Created: by Pradeep Gowda Updated: Nov 04, 2023 Tagged: python

Sometimes you want to write a program that has to modify line(s) in a text file. The “UNIX” way of doing this is of course to use sed (stream editor) or awk. Since I can type faster than think in awk, I write python instead.

The common pattern for such programs is:

    for file in matching_files
        for line in file
            if line matches pattern
                modify the line
                print the line
            else
                write the line

One twist to the above is, you don’t want to overwrite the file before you know the overwriting can complete successfully.

The defensive way to handle this is: put the source files in a git repo, so that you can always revert the changes back. This is also useful in git diffing the changes so that you can verify your program actually does what you wanted.

In addition, you can write the changed contents to a temporary file, and rename that file to the original file if there were no errors. Essentially.

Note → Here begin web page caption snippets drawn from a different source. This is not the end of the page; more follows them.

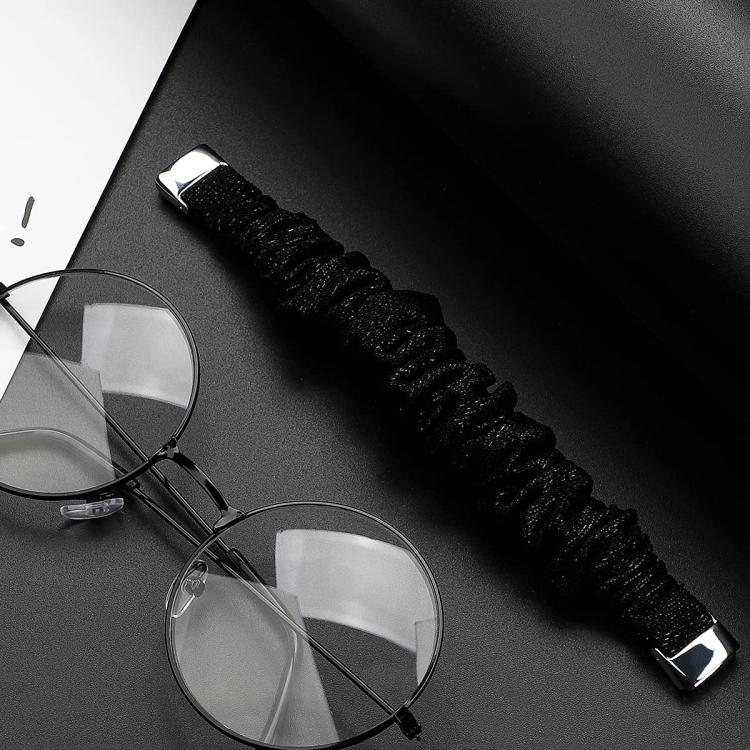 EDA008602201E_4.jpg@3513e7f25c3057fbc735cac052b7f3fe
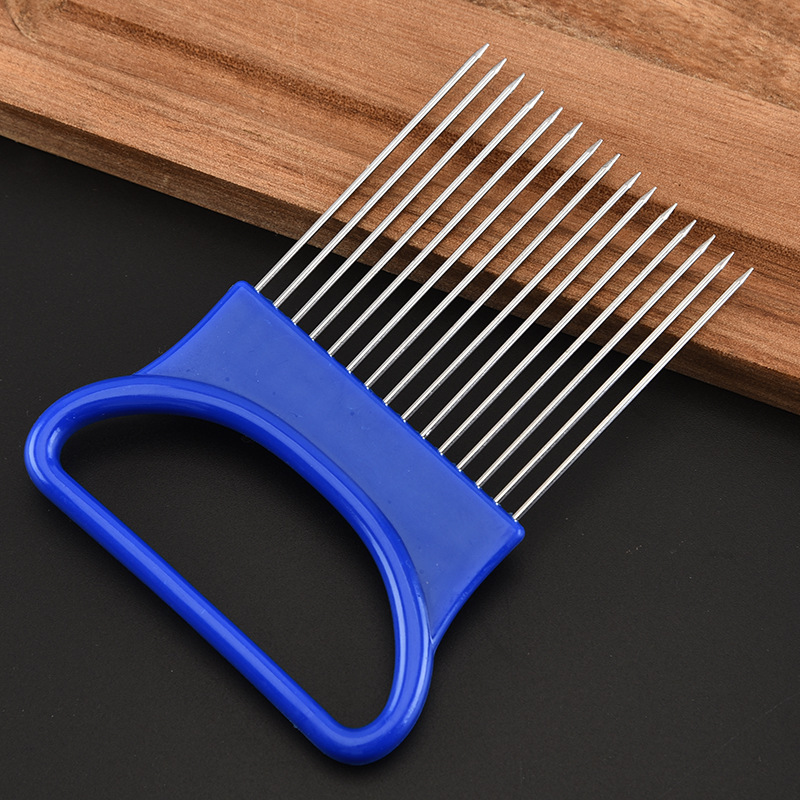 Multifunctional Kitchen Vegeta - Meal Prep List ulasan dan harga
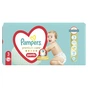 Підгузки Pampers Premium Care Pants Midi Розмір 3 (6-11 кг) 48 шт (8001090759795) - зменшене зображення 2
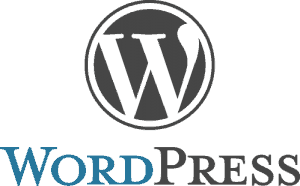 wordpress-logo-stacked-rgb-300x186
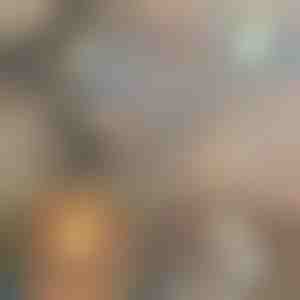 Profesionálna sada pomôcok na vypaľovanie dreva | PYROPEN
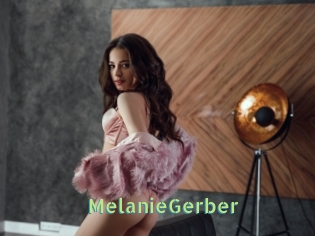 MelanieGerber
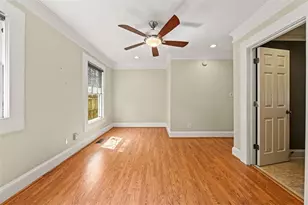 2220 Newnan St, East Point, GA 30344 - Photo 13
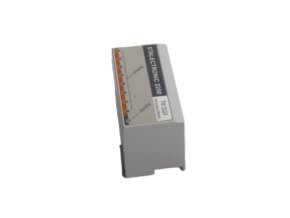 allen-bradley-1794-ir8-rtd-input-module-lcsmmvs4ak1.jpg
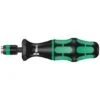 Wera 7400 Imperial Pre-set, 105 Mm, 7466 X 11 In. Lbs.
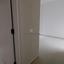 2 bedroom apartment for sale mackenzie larnaca 1368795 thumbnail 5638165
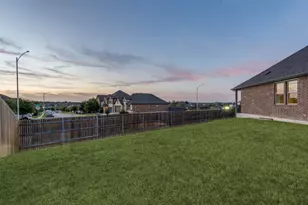 11610 Connaught Cove, Austin, TX 78754 - Photo 30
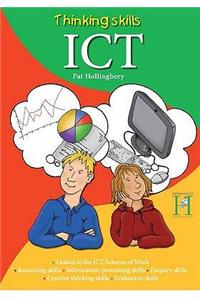 ICT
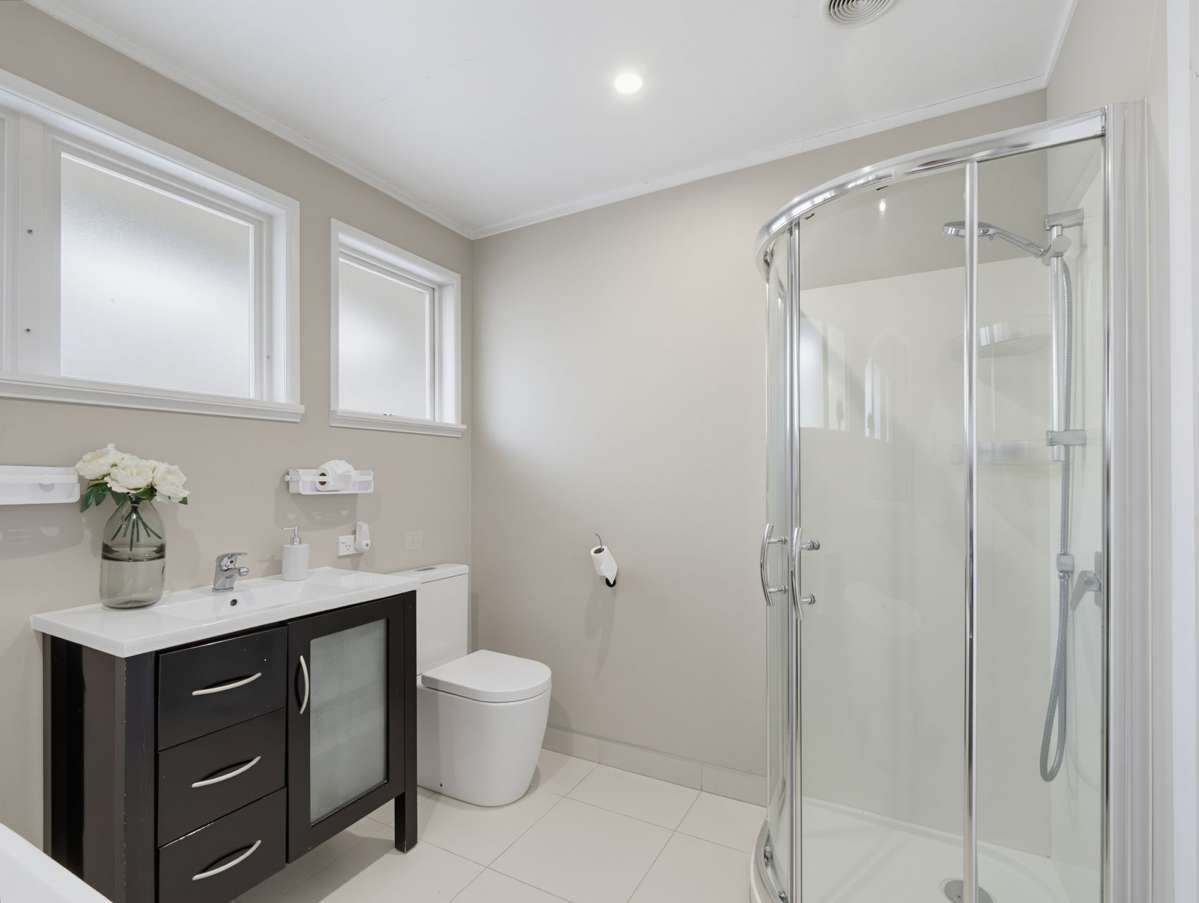 7 Sloane Street_3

$ ./processing_script original.txt > temp.txt && mv temp.txt original.txt

I learnt about NamedTemporaryFile module recently, and I used it to do the following.

#!/usr/bin/env python
"""
This program will rewrite the following:

    ---
    title: AWK programming language
    kind: notebook
    tags: programming-language
    date: 2020-02-12T05:51:45
    ---

to:
    ---
    title: AWK programming language
    kind: notebook
    tags: programming-language
    date: 2020-02-12
    updated: 2020-02-12T05:51:45
    ---
"""
import glob
import shutil
import tempfile


def main():
    files = glob.glob('*.md')
    for mdfile in files:
        temp = tempfile.NamedTemporaryFile('w', delete=False)
        with open(mdfile) as inp:
            for line in inp:
                if line.startswith('date: '):
                    timestamp = line.split('date: ')[1]
                    dt = timestamp[:10]
                    print(f'{mdfile} {dt}')
                    temp.write(f'date: {dt}\n')
                    temp.write(f'updated: {timestamp}')
                else:
                    temp.write(line)
        temp.close()
        shutil.move(temp.name, mdfile)


if __name__ == '__main__':
    main()

Update: David Glick pointed out that – You can skip “lines = inp.readlines()” and just iterate over inp; it’ll give you one line at a time.

Update-2 (2020/5/20): If you want to know more about awk, which is really the best know “line processing” language, see this video by Ben Porter from Apr 2020.